F# type system requires that the first argument be qualified, but it is happy with this abbreviation, while the full qualification should be:

let sortRemainder (v : 'a array when 'a: comparison) pos =

Since we are sorting a subvector, the array has to be of a “comparable” type. Which is the condition of the applicability of the algorithm.

In Clojure it looks simpler, but it’s essentially the same:

(defn sort-remainder [v pos1] (if (= (dec (count v)) pos1) v (into (subvec v 0 pos1) (sort (subvec v pos1)))))

### Tail Recursion

One more cool feature of functional languages. I think it’s another tie once you use it, although the “loop” construct that demands it is very nice.

The following function returns a tuple (current, found) of two positions within the array: one of the element that is being “promoted” up (current), and the other – of the smaller element being pushed back. (So, current > found && v[current] < v[found]). Or nil/None if no such pair can be found. This is the key function of the algorithm:

(defn findStartingPos [v] (loop [cur (dec (count v)) acc [-1 -1]] (let [maxPos (second acc)] (if (or (< cur maxPos) (< cur 0)) (if (= maxPos -1) nil acc) (if-let [pos (findFirstLessThan v cur)] (recur (dec cur) (if (< maxPos pos) [cur pos] acc)) (recur (dec cur) acc))))))

And F#:

let findStartingPos v = let rec findStartingPosRec cur acc = let maxPos = snd acc if cur < 0 || cur < maxPos then if maxPos < 0 then None else Some acc else let pos = findFirstLessThan v cur match pos with | Some pos -> findStartingPosRec (cur - 1) (if maxPos < pos then (cur, pos) else acc) | None -> findStartingPosRec (cur - 1) acc findStartingPosRec (v.Length - 1) (-1, -1)

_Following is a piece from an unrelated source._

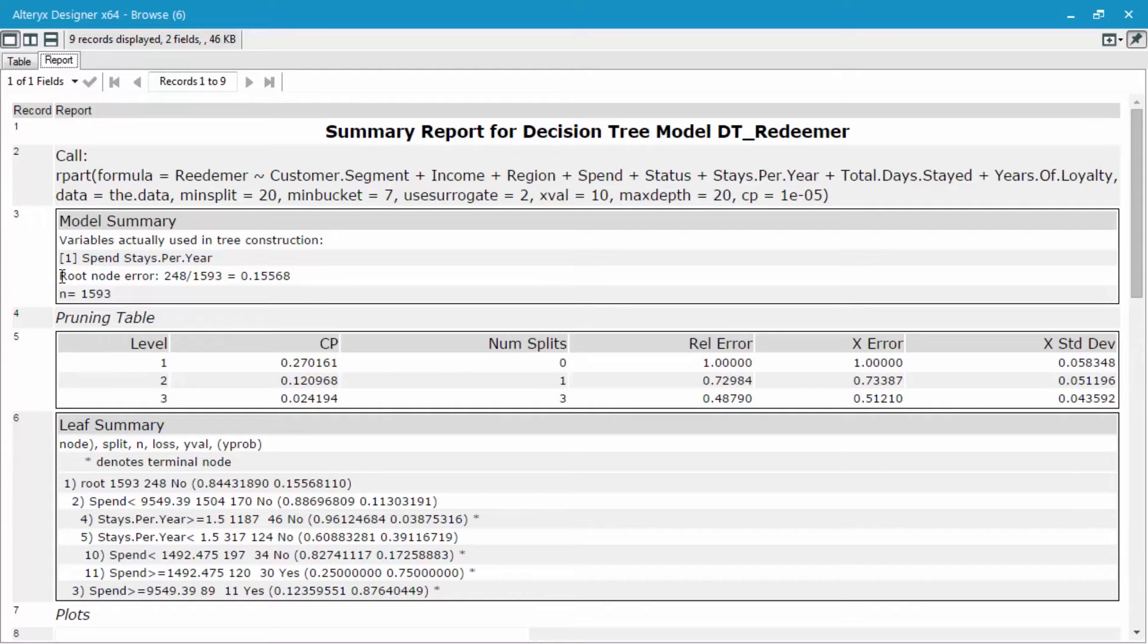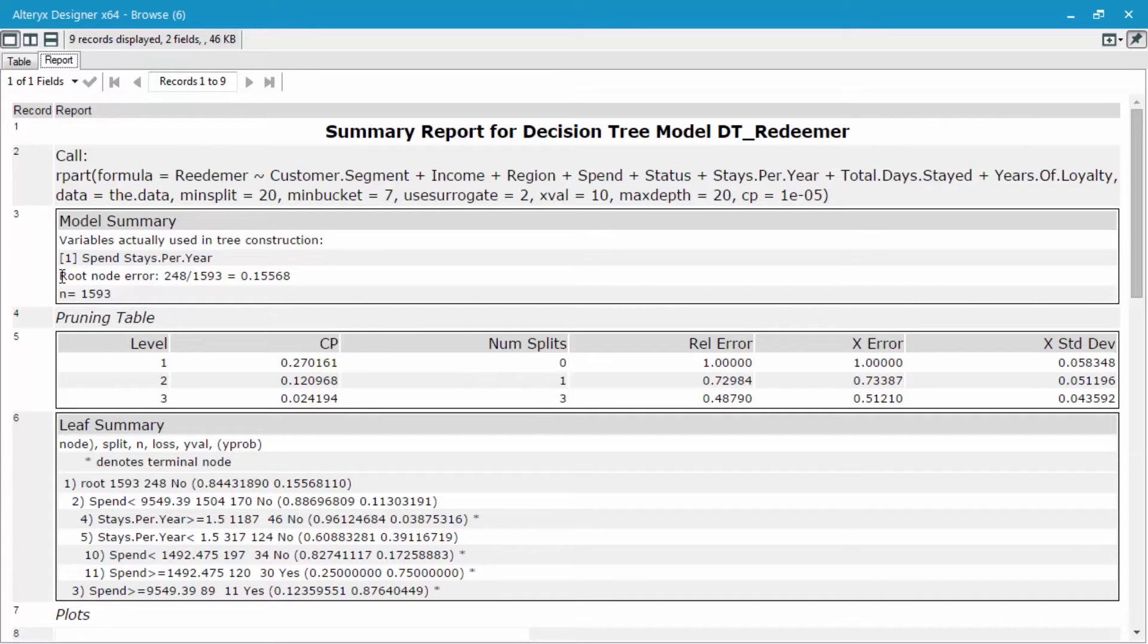What this root node error shows us is of the estimation data that we pumped in there, they sliced out a little sliver of it and actually made their own little validation data set within that estimation sample.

It’s nice that we have a “loop” keyword in Clojure to provide cleaner syntax and more discipline for defining tail-recursive functions, but I am not appalled with the way we do it in F# either.

(The above functions contain obvious optimizations: we stop scanning once we have a pair of “swappable” elements and we have moved beyond the “found” position. Also, we discard a valid pair if we already have a pair where “found” position is larger than the “found” position of the current iteration).

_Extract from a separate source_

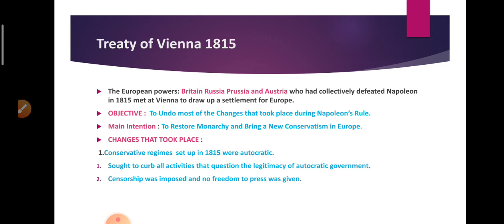Now we will talk about the Treaty of Vienna, which is a very important concept often asked in exams. The four European powers — Britain, Russia, Austria, and Prussia — defeated Napoleon in 1815. They then met at a place called Vienna and drew up a pact called the Treaty of Vienna. The Treaty of Vienna had an objective to undo most of the changes that came in Europe during Napoleon's rule.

## Doing it in a Massively Parallel Way

Of course, I like everything parallel… So what about doing it on a GPU, using, say CUDA? It is definitely possible, although probably not very practical. Even if we only have an array of 10 distinct elements, the number of permutations is already ridiculously large (although who knows what we are going to be using them for)… In any event, this is solvable if we can get “random access” to permutations. Instead of unfolding them as a lazy sequence, generate them all at once in a massively parallel fashion.

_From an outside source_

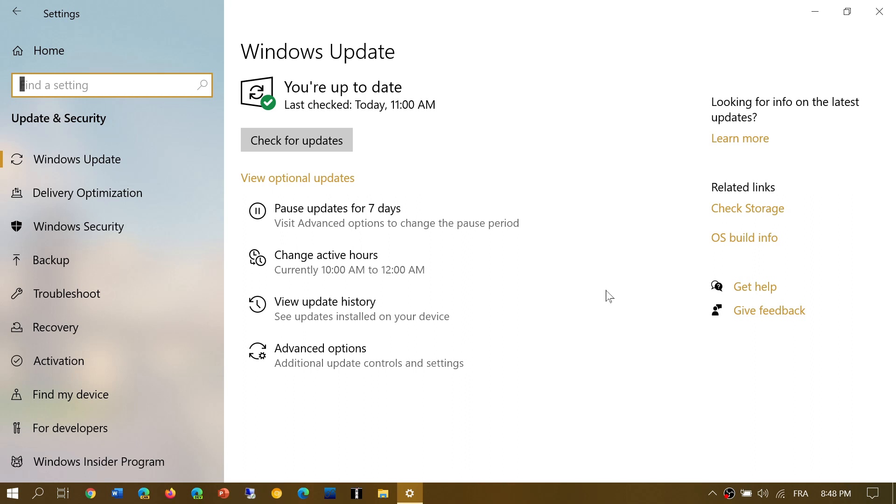By checking for updates and moving to at least the May 2020 update, if not the October 2020 update, you'll be okay for a year or more. So maybe you should manually force it yourself by going to Windows Update.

This is possible because permutations are neatly tied to factoradic numbers, as this Wikipedia article explains. So, it is always possible to generate “permutation #10” to be guaranteed different from “permutation #5” for distinct, fully ordered sets. (Any sets where ordering relationship is not defined can still be easily permuted as long as its elements are stored in indexed data structures, such as arrays, by simply generating permutations of indices). Thus, taking CUDA “single data multiple threads” computation model it is easy to generate all (or however many) permutations in parallel. Naturally, if we are not just outputting the results but need to store them, the exponential nature of the problem memory growth, as well as the number of threads required, and the limited amount of GPU memory (a single computer RAM for that matter) will quickly become a problem. I guess the CUDA C++ version of this will have to wait until the next job interview…

## Generating Permutations: Clojure or F#: Part 1

## The Alogirthm

Recently, I have entered a brave (new?) world of Clojure and was looking for a small project to take it for a ride. I stopped on a popular/interesting enough little problem, that subsumed a certain interview question which I was once unfortunate enough to stumble through with half my brain tied behind my back (long story).

The algorithm to generate permutations in sequence is actually quite simple and intuitive, I believe it originates somewhere in India thousands of years ago. At least that was the impression I got from a Wikipedia article. Anyway, given a fully ordered set S, generate all permutations of it. The algorithm works for sets with repetition, but we can assume no repetitions for simplicity:

- (Since the set is fully ordered), sort it in ascending order, represent it as a sequence. Output it.
- Find the next sequence consisting of the elements of S and following the current one immediately based on the ordering relationship. Output it.
- Repeat 2, until no such sequence can be found.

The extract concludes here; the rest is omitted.